Value-added model doesn’t find bad teachers, causes administrators to cheat
There’ve been a couple of articles in the past few days about teacher Value-Added Testing that have enraged me.
If you haven’t been paying attention, the Value-Added Model (VAM) is now being used in a majority of the states (source: the Economist):
But it gives out nearly random numbers, as gleaned from looking at the same teachers with two scores (see this previous post). There’s a 24% correlation between the two numbers. Note that some people are awesome with respect to one score and complete shit on the other score:
Final thing you need to know about the model: nobody really understands how it works. It relies on error terms of an error-riddled model. It’s opaque, and no teacher can have their score explained to them in Plain English.
Now, with that background, let’s look into these articles.
First, there’s this New York Times article from yesterday, entitled “Curious Grade for Teachers: Nearly All Pass”. In this article, it describes how teachers are nowadays being judged using a (usually) 50/50 combination of classroom observations and VAM scores. This is different from the past, which was only based on classroom observations.
What they’ve found is that the percentage of teachers found “effective or better” has stayed high in spite of the new system – the numbers are all over the place but typically between 90 and 99 percent of teachers. In other words, the number of teachers that are fingered as truly terrible hasn’t gone up too much. What a fucking disaster, at least according to the NYTimes, which seems to go out of its way to make its readers understand how very much high school teachers suck.
A few things to say about this.
- Given that the VAM is nearly a random number generator, this is good news – it means they are not trusting the VAM scores blindly. Of course, it still doesn’t mean that the right teachers are getting fired, since half of the score is random.

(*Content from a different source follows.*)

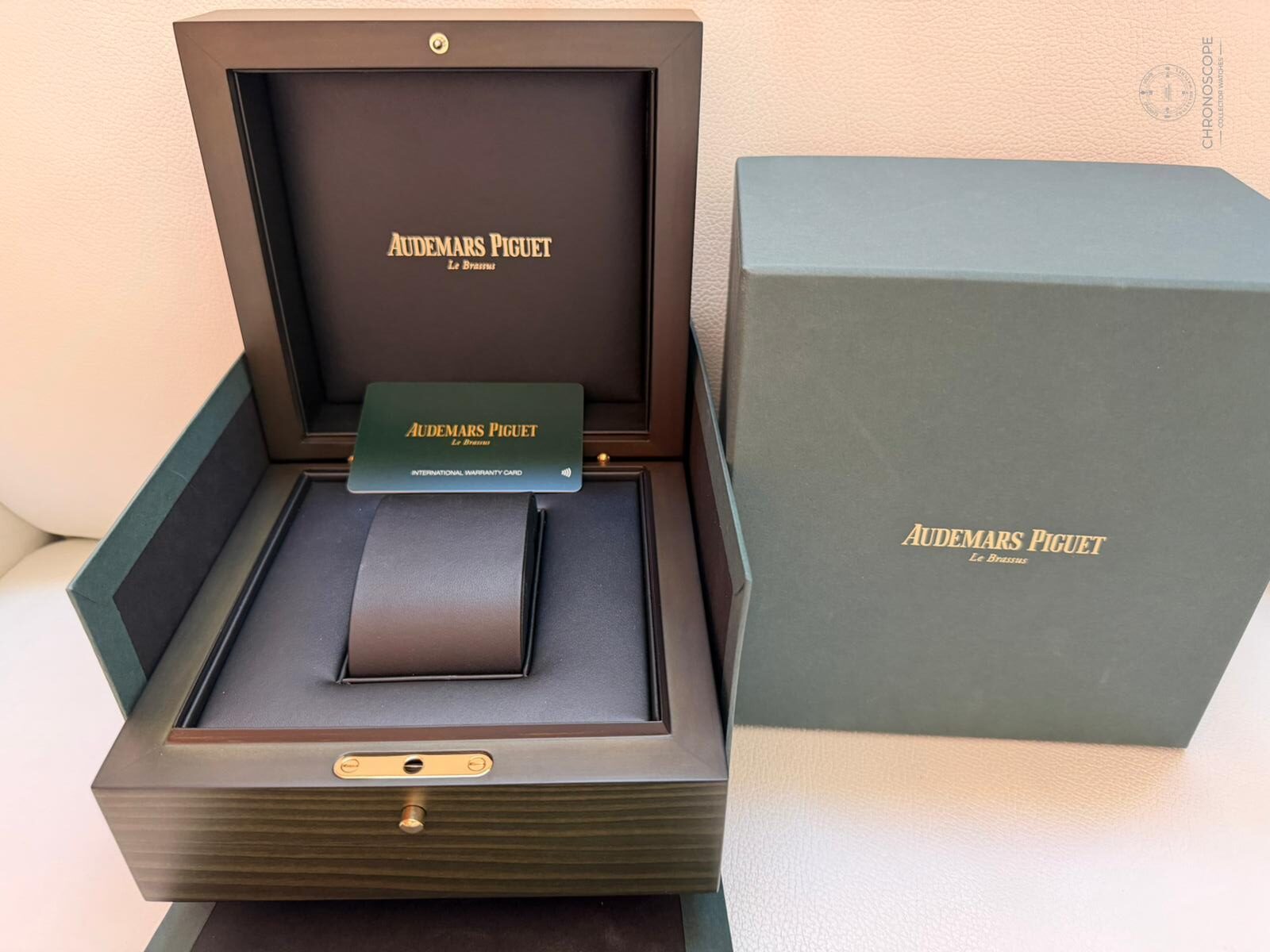 Audemars Piguet Royal Oak Chronograph smoked yellow gold dial – Bild 11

- Another point the article mentions is that failing teachers are leaving before the reports come out. We don’t actually know how many teachers are affected by these scores.
- Anyway, what is the right number of teachers to fire each year, New York Times? And how did you choose that number? Oh wait, you quoted someone from the Brookings Institute: “It would be an unusual profession that at least 5 percent are not deemed ineffective.” Way to explain things so scientifically! It’s refreshing to know exactly how the army of McKinsey alums approach education reform.
- The overall article gives us the impression that if we were really going to do our job and “be tough on bad teachers,” then we’d weight the Value-Added Model way more. But instead we’re being pussies. Wonder what would happen if we weren’t pussies?
The second article explained just that. It also came from the New York Times (h/t Suresh Naidu), and it was a the story of a School Chief in Atlanta who took the VAM scores very very seriously.
What happened next? The teachers cheated wildly, changing the answers on their students’ tests. There was a big cover-up, lots of nasty political pressure, and a lot of good people feeling really bad, blah blah blah. But maybe we can take a step back and think about why this might have happened. Can we do that, New York Times? Maybe it had to do with the $500,000 in “performance bonuses” that the School Chief got for such awesome scores?
Let’s face it, this cheating scandal, and others like it (which may never come to light), was not hard to predict (as I explain in this post). In fact, as a predictive modeler, I’d argue that this cheating problem is the easiest thing to predict about the VAM, considering how it’s being used as an opaque mathematical weapon.